La chose n’est pas nouvelle puisque le mot fut inventé par les Grecs, et l’histoire est remplie d’épisodes ploutocratiques. Pour ne remonter qu’au XIXe siècle, la France frôla à plusieurs reprises ce « pouvoir des riches » ou plutôt « les riches au pouvoir » (Monarchie de Juillet, Second Empire) sans y succomber totalement en raison de la combinaison paradoxale de son passé catholique et de ses aspirations révolutionnaires et démocratiques. L’Amérique de la fin du XIXe sombra dans ce travers à laquelle elle était largement prédisposée, avec la figure des Robber Barons (barons voleurs) ; la période fut aussi secouée par une brutale crise anarchiste qui coûta la vie au président McKinley (1901). C’est le président Theodore Roosevelt, successeur de McKinley, qui œuvra contre eux en obtenant du gouvernement conservateur qu’il mette au pas ceux qu’il appelait des « malfaiteurs de grande fortune ».

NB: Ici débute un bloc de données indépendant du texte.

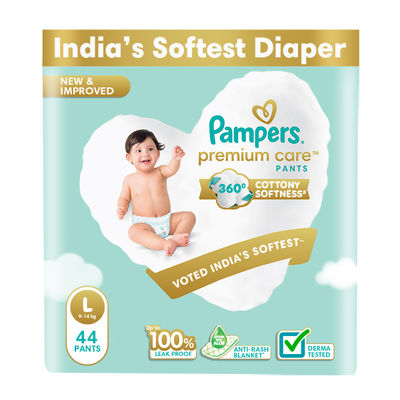 Pampers Premium Care Diaper Pant For Kids | White | L (9 - 14 kg)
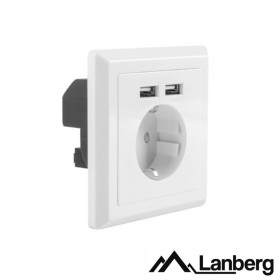Tomada Elétrica Superfície C/ 2 Portas Usb Branco Lanberg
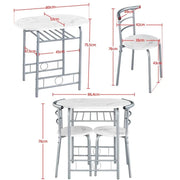 Space Saving Dining Table Set Modern Round Dining Table Set for 2 – view 3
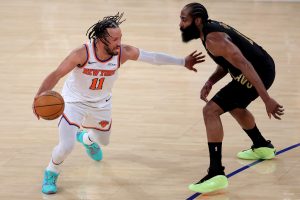 May 19, 2026; New York, New York, USA; New York Knicks guard Jalen Brunson (11) controls the ball against Cleveland Cavaliers guard James Harden (1) during the fourth quarter of game one of the eastern conference finals during the 2026 NBA playoffs at Madison Square Garden.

Mais, cette fois, il semble que la France n’échappe pas à ce fatal penchant, par quoi l’on voit d’ailleurs que la suzeraineté américaine et la domination de son modèle (depuis 1945) s’inscrivent à rebours des traditions politiques et culturelles de la France. De ce point de vue Macron est une figure antithétique et fondamentalement étrangère à la tradition politique française. Le phénomène est aussi de dimension mondiale et n’a jamais atteint un tel degré de puissance dans l’histoire.
Ploutocratie française : une galerie de « malfaiteurs de grande fortune »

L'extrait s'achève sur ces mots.